When it comes to youth and high school sports, there has been lot of finger pointing because many think that things have gotten out of control. The parents think that the coaches are the problem and the coaches think that the parents are, so, who and what is the problem?
It’s the parents of the millennium and the way that they have raised their children.
For some reason, when everyone shouted “happy new year” as we all entered the 21st century, parents decided to take it down a notch. Since then, many coaches of youth and high school sports teams have found themselves in the biggest pickle yet… Do they sit there and watch the players fail or do they do their job and help the players get better by correcting them?
Coaches are in an unfair situation. If they just let the players slip up and not play to their potential, the players will be unsuccessful because nobody at home is going to get in their ear about it.

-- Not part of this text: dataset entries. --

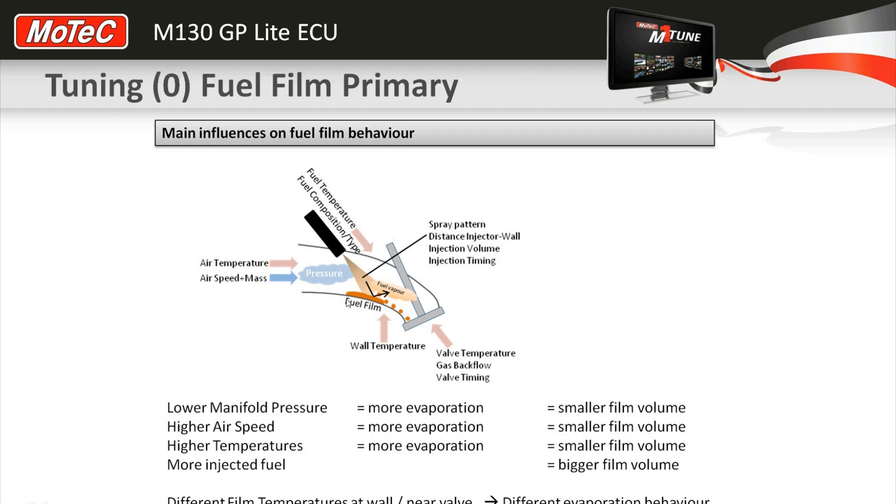As the manifold pressure in here changes, then the evaporation rate of the fuel lying on the wall here changes.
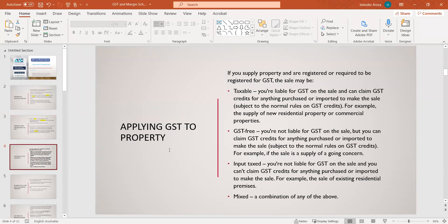Next, at what stage will GST be applied to the property? There could be four types of transactions related to property: some could be GST-related, some GST-free, or a mixture of both. In the first type, taxable supply, you are liable for GST on the sale and can claim a GST credit for anything purchased. For example, you built a new house to sell — you are required to pay GST on that transaction, and whatever fees you paid to the builder for construction, you can claim that credit back when you lodge your GST return to the ATO.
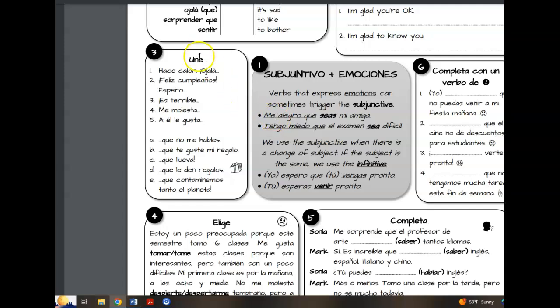For part three, also Une — match the following sentence starter with the following conclusion. For example, hace calor — Spanish one vocab for 'it's hot outside.' Ojalá — 'I hope' or 'I wish' — que llueva. That's why C is number one, because we have two expressions of weather. Llover in the subjunctive.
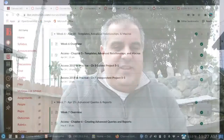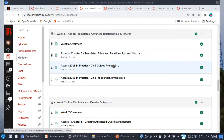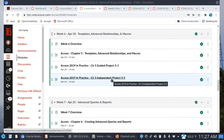Let's take a look at week six here in Canvas. It's pretty much the same formula as before. We are looking at templates, advanced relationships, and macros. We use macros to automate things in Microsoft Office. So you have your training sim, your guided project, and your independent project.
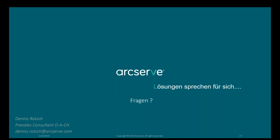Ich hoffe, ich habe jetzt alle Fragen beantwortet. Sollte ich jemanden vergessen haben, können Sie mir gerne jederzeit eine E-Mail an dennis.rotsch@arcserve.com schreiben. Ansonsten bedanke ich mich für Ihre Aufmerksamkeit und wünsche Ihnen noch einen schönen Nachmittag. Bis zur nächsten Woche. Ciao.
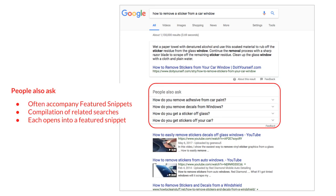Often associated with featured snippets are things called people-also-ask boxes. The people-also-ask box is itself made of other featured snippets. For 'how to remove a sticker from a car window,' we see other associated questions: 'How do you remove adhesive from car paint?' 'How do you get a sticker off of glass?' These are other ways of asking the same question or related questions. If you click the down arrow, you'll find these are all featured snippets themselves.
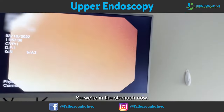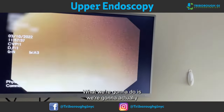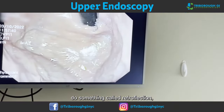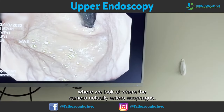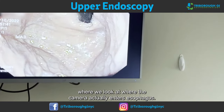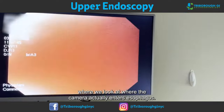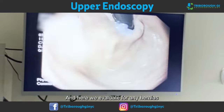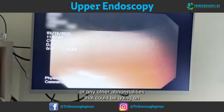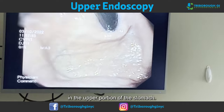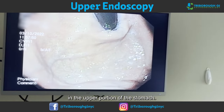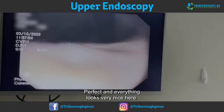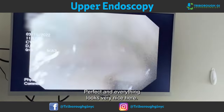So we're in the stomach now. What we're going to do is something called retroflexion, where we look at where the camera actually enters the esophagus. Here we evaluate for any hernias or any other abnormalities in the upper portion of the stomach. Everything looks very nice here.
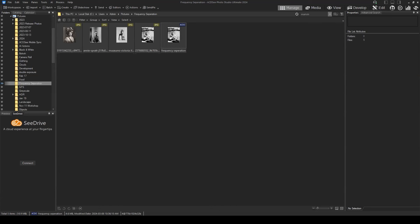How many of you have used frequency separation before? Just a quick yes or no. Lots of nos, actually a few more yeses than I was expecting. I was kind of expecting people to be unfamiliar with it or completely unfamiliar with it.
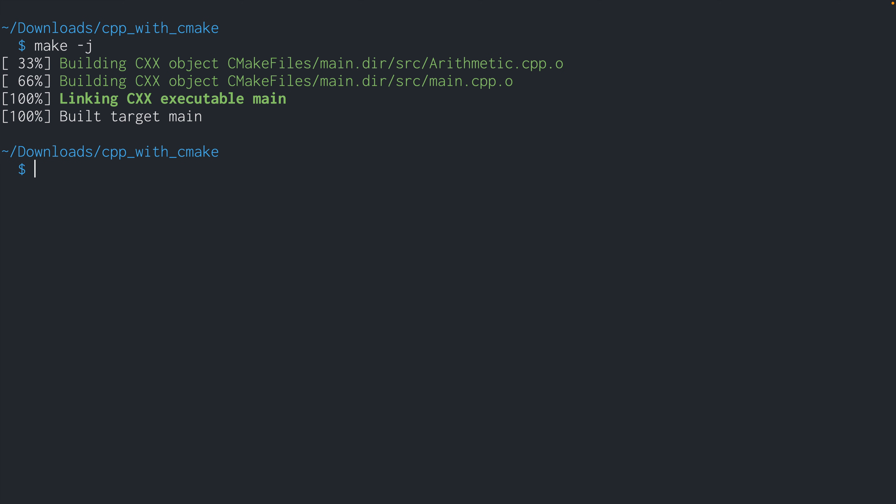And that's it for our first CMake walkthrough. I hope you found this helpful. And let me know if you have any questions or comments in the comment section. Thank you.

That is something that needs to stop happening. Parents have to get in their child’s ear and let them know when they have a bad game, because, when they don’t, they are destroying the child.

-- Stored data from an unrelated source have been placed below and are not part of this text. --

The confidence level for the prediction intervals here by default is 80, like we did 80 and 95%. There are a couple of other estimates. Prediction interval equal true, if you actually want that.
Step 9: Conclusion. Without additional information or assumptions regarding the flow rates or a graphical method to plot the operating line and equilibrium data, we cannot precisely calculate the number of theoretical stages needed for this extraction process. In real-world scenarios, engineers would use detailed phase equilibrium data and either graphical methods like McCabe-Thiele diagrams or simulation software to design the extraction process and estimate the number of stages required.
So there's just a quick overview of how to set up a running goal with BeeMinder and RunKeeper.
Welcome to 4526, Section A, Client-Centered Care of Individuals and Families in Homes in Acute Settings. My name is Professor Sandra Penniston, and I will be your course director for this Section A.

Many people forget that a coach can only do so much. If a coach takes a player aside after a game and tells them that they are capable of doing better and then the player goes up to his parents and they tell them that it was the best that they had ever played, there will be problems.
When their parents tell them how good they did, the child is going to laugh at the coach and think that they don’t know what they are talking about. Even though that might not be a big deal before college, it is definitely going to be a huge problem in college and the real world.

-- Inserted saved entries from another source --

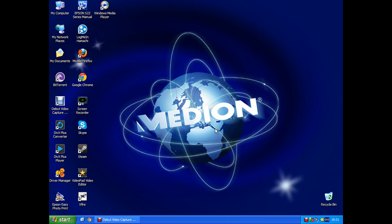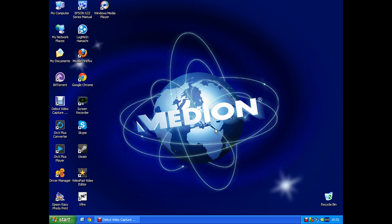The only problem is my usual screen capture software, which is Windows Microsoft Encoder, doesn't work on this computer because it's got the old Windows XP, not Vista or 7 or whatever. It hasn't even got Service Pack 3.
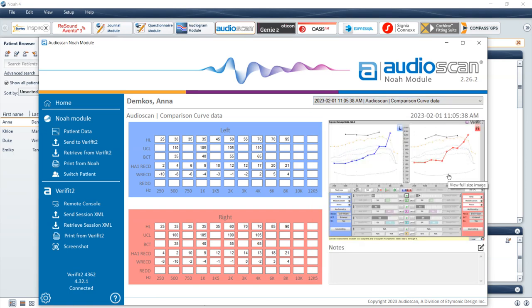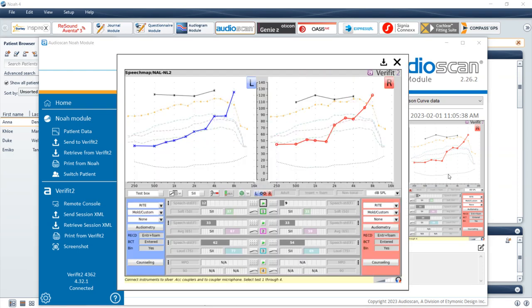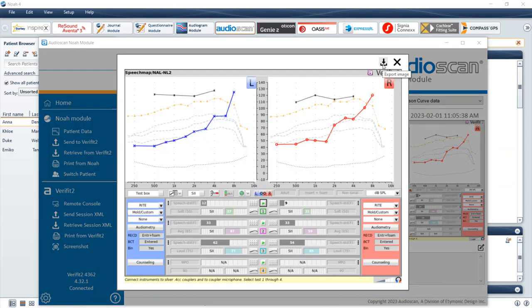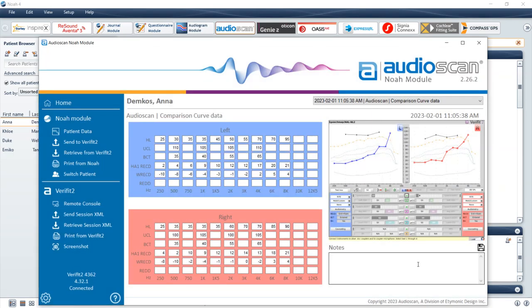To view the screenshot associated with saved test data, click the saved image. You can then select the Save button to export the screen as an image. You can add notes to the test result by typing in the notes field. Notes can be edited on the day that they were created by the NOAA user that originally saved the data; otherwise a new note may need to be created.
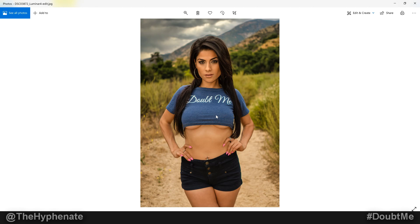So there you guys have it — that's how you use Luminar 4 with Lightroom as a plugin. If you guys have any more questions, please drop a comment below. Please make sure to drop a like on the video and subscribe. I have a lot more videos coming soon. I'll catch you guys on the next one. Peace.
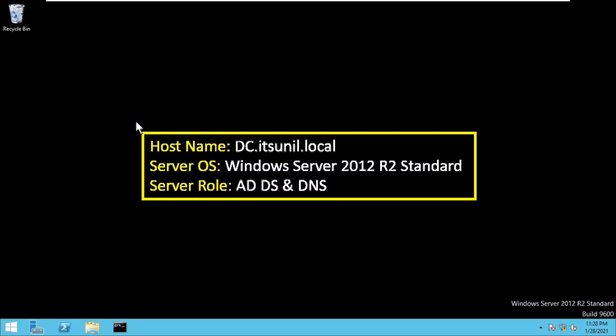Hello friends, today in this video I am going to show you how we can transfer FSMO roles from one server to another server. This is my primary domain controller; hostname is dc.itsunil.local, running Windows Server 2012 R2 Standard with ADDS plus DNS.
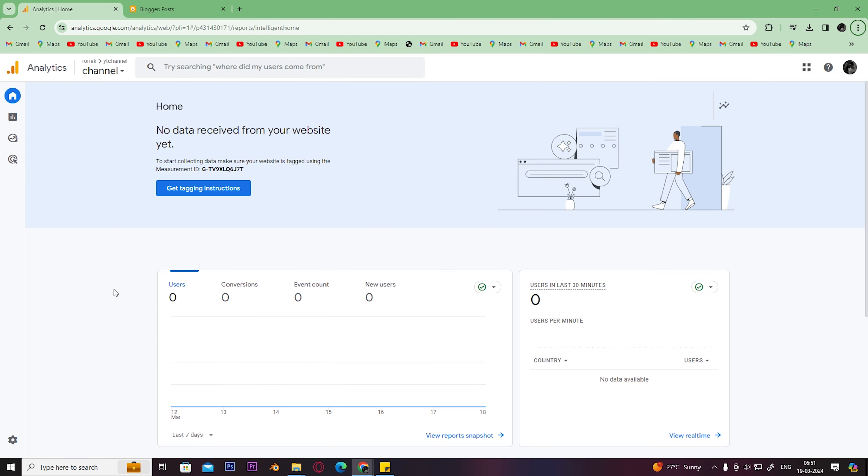Hey guys, welcome back to Easy Internet. In today's video we're going to look at how to connect Google Analytics to Blogger.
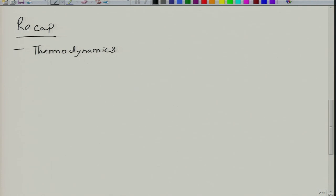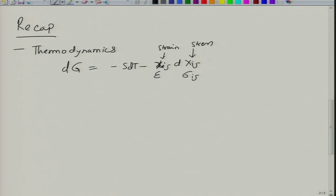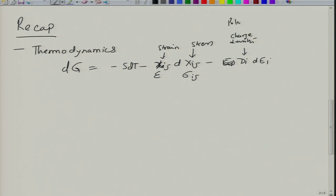To begin with we wrote this thermodynamic expression; we calculated the free energy change that is minus of s dT minus of x_ij d of X_ij — this is strain, this is stress. You can also write it as sigma_ij and small x as epsilon, but we did not use epsilon because epsilon we are using for dielectric permittivity. And then you write this as minus d_i d of E_i, where this is your charge density or polarization and E is the electric field.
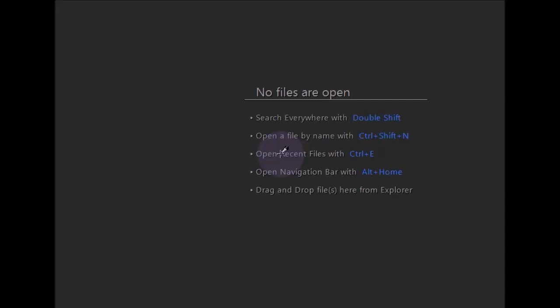Hello guys, welcome back to programming in python.com. In this video I'm going to show you how to access MySQL database in Python. You can access MySQL database and perform all the database operations like creating, reading, updating and deleting — basically CRUD operations on MySQL database using Python.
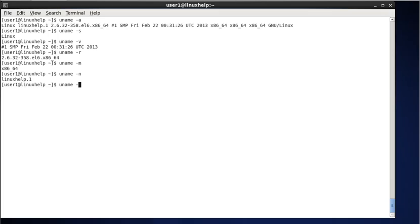Next, to display the processor information, type uname -p. The -p stands for processor. This command will print the current processor information. The result 'x86_64' indicates a 64-bit processor; 'i686' indicates 32-bit. Note that uname -p may return 'unknown' on some systems.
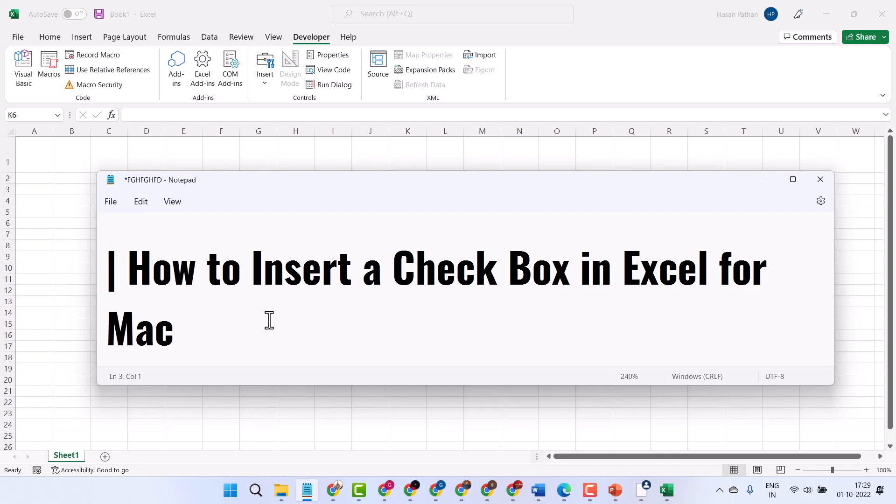Hello guys, in this basic video I will show you how to insert a check box in Excel for Mac or Windows 11.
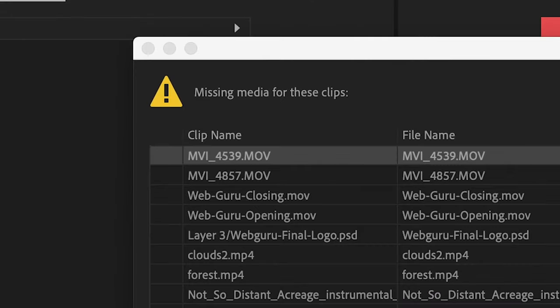Are you getting this error message in Premiere Pro? Don't worry, I'll show you how to fix it.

After high school, when they get a job or go to college, somebody is going to tell them that they didn’t meet expectations. When it happens for the first time, they are going to look for someone to wipe the tears, but, nobody is going to be there.
Even though every adult knows that failure is a part of life, nobody likes when someone else tells their child that they aren’t good enough to do something. In order to be successful, you have to experience failure from a young age. Because of that, by protecting them from failure, parents are hurting the futures of their own children.
I could’nt agree more. It’s like when you play sports at a young age and everyone wins a trophy. The ones who gave it all they had and the ones who just warmed the bench, got the same prize. It’s not fair.
Great to hear your thoughts Joe. I think that as a parent, you do need to let your child experience some failures. It is part of life, and it is better to fail in the safety of your family and home, rather than out in the world when you are by yourself. Children need to learn how to deal with disappointment. I always say that the best thing that ever happened to me was not making the cheerleading squad in 6th grade!
I like how you’ve tied real-world to sports; it is not just in the sporting world. People should learn from their mistakes. A loving family will be able to help pick up the pieces in the event of a failure thus ensuring that if something like it happens again, they will have the tools to deal with it!